„Frauen sind nicht so“

Altersliebe im Alterswerk: Bei der Tagung der Thomas-Mann-Gesellschaft in Lübeck spricht die Literaturwissenschaftlerin Anja Schonlau über Thomas Manns literarische Sympathie für eine vermeintlich unzeitgemäße Erfahrung. Ein Interview

INTERVIEW FRIEDERIKE GRÄFF

taz: Seien es Martin Walser oder die US-Kollegen Philipp Roth und Louis Begley – was macht das Thema Altersliebe für den alternden Schriftsteller so reizvoll?

Anja Schonlau: Das liegt sicherlich daran, dass wir ein demographisch verändertes Bild mit mehr Alten in der Gesellschaft haben –und das führt zwangsläufig dazu, dass Alter und Altersliebe stärker thematisiert werden.

Aber auch Michelangelo, Goethe und Thomas Mann hat das Thema beschäftigt, zu einer Zeit, als man Wort Demographie noch gar nicht benutzte.

Historisch besteht der Reiz darin, dass es sich um ein vermeintliches Vergehen gegen die Natur beziehungsweise die Gesellschaft handelt. Das wird dann natürlich zunehmend anders gewertet, so dass sich die Schwerpunkte in der Gegenwart verschoben haben. Wenn man heute über eine alte Frau und einen jungen Mann schriebe, wäre es politisch korrekt, das positiv darzustellen.
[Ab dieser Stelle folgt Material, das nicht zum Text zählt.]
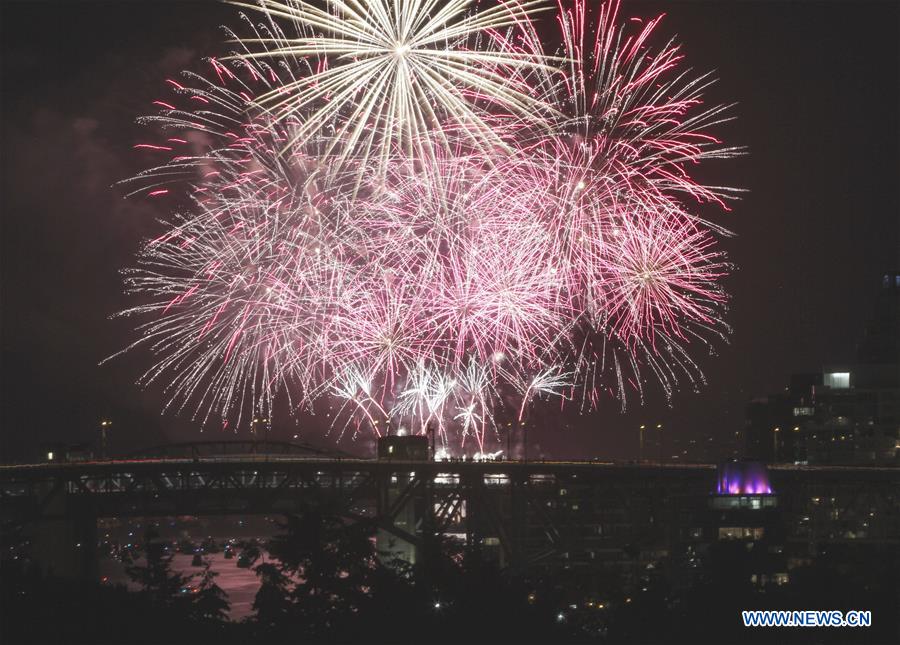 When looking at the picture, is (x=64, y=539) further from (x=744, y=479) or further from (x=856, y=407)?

Dafür gibt es aber kaum Beispiele. Bei Roth oder Walser sind es alternde Männer, oft Intellektuelle, die sich mit knackigen Studentinnen oder Schauspielerinnen der Töchter-Generation einlassen.

Mir ist derzeit in dieser Form von Altersliebe auch nichts bekannt. Anfang des 20. Jahrhunderts brachte es der Roman „Im gefährlichen Alter“ von Karin Michaelis zum Skandal, weil sich dort eine Frau jenseits des Klimakteriums scheiden lässt und sich in einen jungen Mann verliebt. Was es dagegen heute schon gibt, sind veränderte Darstellungen alter Frauen, die nicht mehr grundsätzlich positiv gezeichnet werden müssen und viel aktiver erscheinen.

Aber hat sich der Ton wirklich verändert, wenn Harald Schmidt von Fernsehredakteurinnen ab 35 Jahren als dem „sexuellen Medienproletariat“ spricht, das mit Glück einen One-Night-Stand mit dem Beleuchter hat? Vielleicht hieße das auch, Literatur und Schwachsinn zu vermengen.

Ich glaube, diese Art von Herrenwitz ist nicht wirklich ausrottbar. Aber das hat mit der Literarisierung tatsächlich nicht so viel zu tun. Natürlich gibt es eine Wechselbeziehung zwischen literarischem und öffentlichem Diskurs, aber da muss man deutlich zwischen ihnen unterscheiden.

Spiegelt sich in der Gegenwartsliteratur, dass Film- und Sportprominenz die Beziehung zu jungen Frauen qua Ehe institutionalisieren?

Ich glaube, dass das weniger von Bedeutung ist, da die Ehe eines älteren Mannes mit einer jüngeren Frau zum Beispiel im 18. Jahrhundert durchaus häufig war. Und umgekehrt gab es den jungen Gesellen, der die Witwe des Meisters heiratete. Die Darstellung war aber etwas anderes: Im Anfang gehörte es zum Komikfach.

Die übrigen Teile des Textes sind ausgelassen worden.